Big NACK on this - it's not only really ugly, it's also buggy to pass
interrupt flags as function arguments. As you also mention in the 0/1
mail, this also breaks CFQ.

Why do you need in-interrupt request allocation?

--
Jens Axboe

2006-12-20 17:50:43

by Kiyoshi Ueda

[permalink] [raw]
Subject: Re: [RFC PATCH 1/8] rqbased-dm: allow blk_get_request() to be called from interrupt context

Hi Jens,

Thank you for the comment.

On Wed, 20 Dec 2006 14:48:49 +0100, Jens Axboe <[email protected]> wrote:
> > static struct request *get_request(request_queue_t *q, int rw, struct bio *bio,
> > - gfp_t gfp_mask)
> > + gfp_t gfp_mask, unsigned long *flags)
> > {
> > struct request *rq = NULL;
> > struct request_list *rl = &q->rq;
> > @@ -2119,7 +2120,10 @@ static struct request *get_request(reque
> > if (priv)
> > rl->elvpriv++;
> >
> > - spin_unlock_irq(q->queue_lock);
> > + if (flags)
> > + spin_unlock_irqrestore(q->queue_lock, *flags);
> > + else
> > + spin_unlock_irq(q->queue_lock);
>
> Big NACK on this - it's not only really ugly, it's also buggy to pass
> interrupt flags as function arguments. As you also mention in the 0/1
> mail, this also breaks CFQ.
>
> Why do you need in-interrupt request allocation?

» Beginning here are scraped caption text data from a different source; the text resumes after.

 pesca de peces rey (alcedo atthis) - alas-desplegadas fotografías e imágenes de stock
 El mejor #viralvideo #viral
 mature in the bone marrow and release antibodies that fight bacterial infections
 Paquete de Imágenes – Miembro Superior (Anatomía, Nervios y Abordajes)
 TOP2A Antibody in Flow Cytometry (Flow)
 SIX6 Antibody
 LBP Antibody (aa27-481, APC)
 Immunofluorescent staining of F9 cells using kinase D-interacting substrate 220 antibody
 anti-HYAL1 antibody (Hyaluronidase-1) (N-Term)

Because I'd like to use blk_get_request() in q->request_fn()
which can be called from interrupt context like below:
scsi_io_completion -> scsi_end_request -> scsi_next_command
-> scsi_run_queue -> blk_run_queue -> q->request_fn

Generally, device-mapper (dm) clones an original I/O and dispatches
the clones to underlying destination devices.
In the request-based dm patch, the clone creation and the dispatch
are done in q->request_fn(). To create the clone, blk_get_request()
is used to get a request from underlying destination device's queue.
By doing that in q->request_fn(), dm can deal with struct request
after bios are merged by __make_request().

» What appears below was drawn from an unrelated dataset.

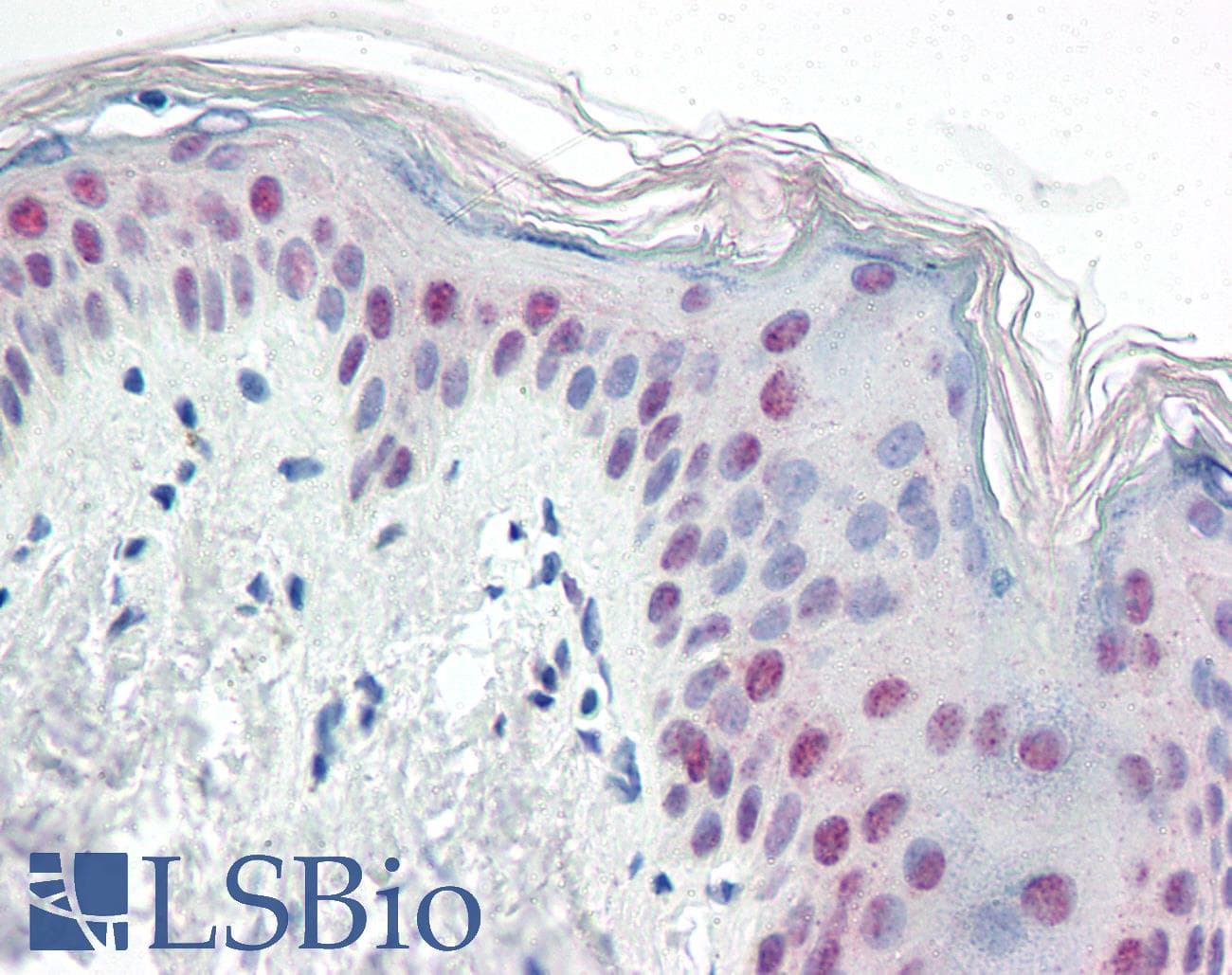 IHC-plus™ PTBP1 Antibody (aa2-14)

Do you think creating another function like blk_get_request_nowait()
is acceptable?
Or request should not be allocated in q->request_fn() anyway?
Do you have any other ideas?

> --
> Jens Axboe

Thanks,
Kiyoshi Ueda

2006-12-20 18:47:31

by Jens Axboe

[permalink] [raw]
Subject: Re: [RFC PATCH 1/8] rqbased-dm: allow blk_get_request() to be called from interrupt context

On Wed, Dec 20 2006, Kiyoshi Ueda wrote:
> Hi Jens,
>
> Thank you for the comment.
>
> On Wed, 20 Dec 2006 14:48:49 +0100, Jens Axboe <[email protected]> wrote:
> > > static struct request *get_request(request_queue_t *q, int rw, struct bio *bio,
> > > - gfp_t gfp_mask)
> > > + gfp_t gfp_mask, unsigned long *flags)
> > > {
> > > struct request *rq = NULL;
> > > struct request_list *rl = &q->rq;
> > > @@ -2119,7 +2120,10 @@ static struct request *get_request(reque
> > > if (priv)
> > > rl->elvpriv++;
> > >
> > > - spin_unlock_irq(q->queue_lock);
> > > + if (flags)
> > > + spin_unlock_irqrestore(q->queue_lock, *flags);
> > > + else
> > > + spin_unlock_irq(q->queue_lock);
> >
> > Big NACK on this - it's not only really ugly, it's also buggy to pass
> > interrupt flags as function arguments. As you also mention in the 0/1
> > mail, this also breaks CFQ.
> >
> > Why do you need in-interrupt request allocation?
>
> Because I'd like to use blk_get_request() in q->request_fn()
> which can be called from interrupt context like below:
> scsi_io_completion -> scsi_end_request -> scsi_next_command
> -> scsi_run_queue -> blk_run_queue -> q->request_fn
>
> Generally, device-mapper (dm) clones an original I/O and dispatches
> the clones to underlying destination devices.
> In the request-based dm patch, the clone creation and the dispatch
> are done in q->request_fn(). To create the clone, blk_get_request()
> is used to get a request from underlying destination device's queue.
> By doing that in q->request_fn(), dm can deal with struct request
> after bios are merged by __make_request().
>
> Do you think creating another function like blk_get_request_nowait()
> is acceptable?
> Or request should not be allocated in q->request_fn() anyway?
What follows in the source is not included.